Collected data section start

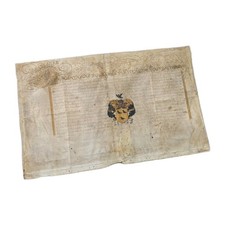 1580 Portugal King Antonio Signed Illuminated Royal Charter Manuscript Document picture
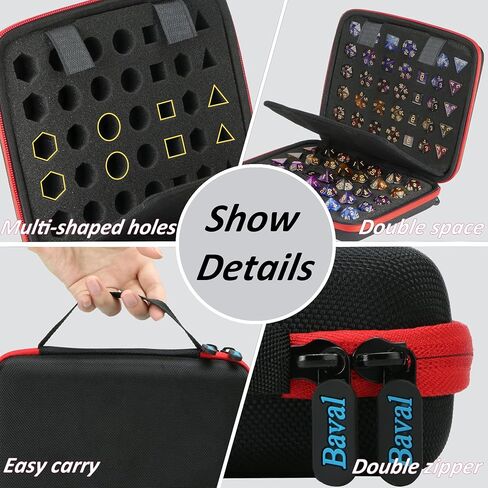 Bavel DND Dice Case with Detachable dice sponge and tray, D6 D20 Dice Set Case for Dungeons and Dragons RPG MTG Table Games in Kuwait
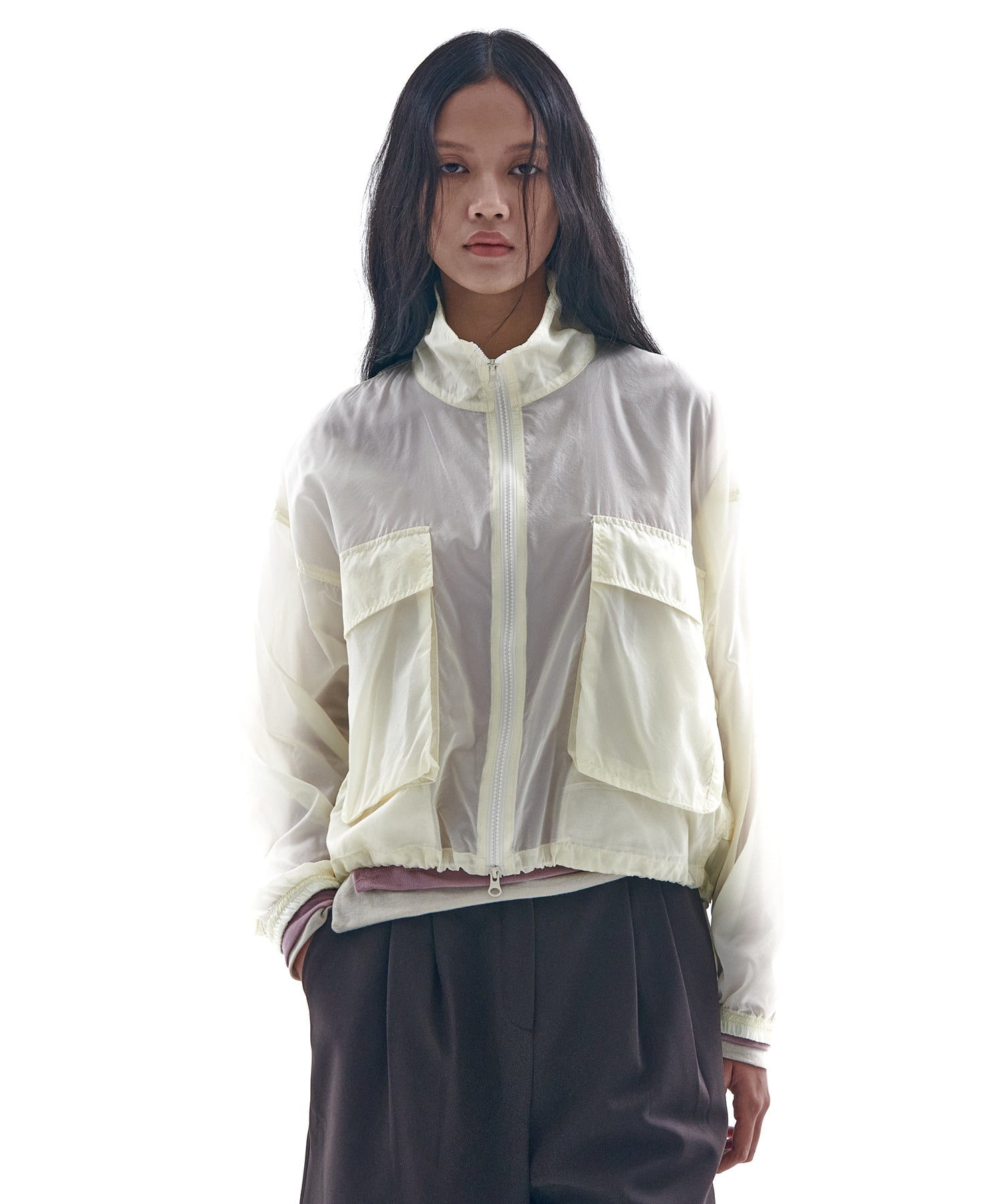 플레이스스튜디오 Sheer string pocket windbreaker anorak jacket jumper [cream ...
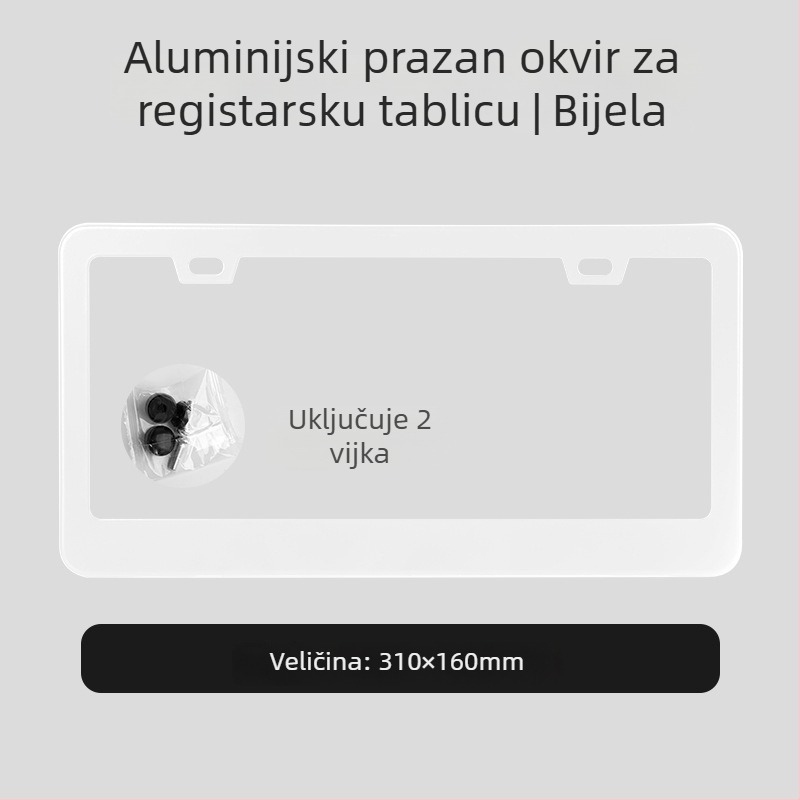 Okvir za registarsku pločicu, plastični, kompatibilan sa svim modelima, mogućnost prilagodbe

Collected data section end

■ Exercise brief ■
Retyped exactly, the lines from the one holding "Bavel DND Dice" through the last line of the data above are the whole answer. Pictures stay out.

■ Solution below ■
 Bavel DND Dice Case with Detachable dice sponge and tray, D6 D20 Dice Set Case for Dungeons and Dragons RPG MTG Table Games in Kuwait
 플레이스스튜디오 Sheer string pocket windbreaker anorak jacket jumper [cream ...
 Okvir za registarsku pločicu, plastični, kompatibilan sa svim modelima, mogućnost prilagodbe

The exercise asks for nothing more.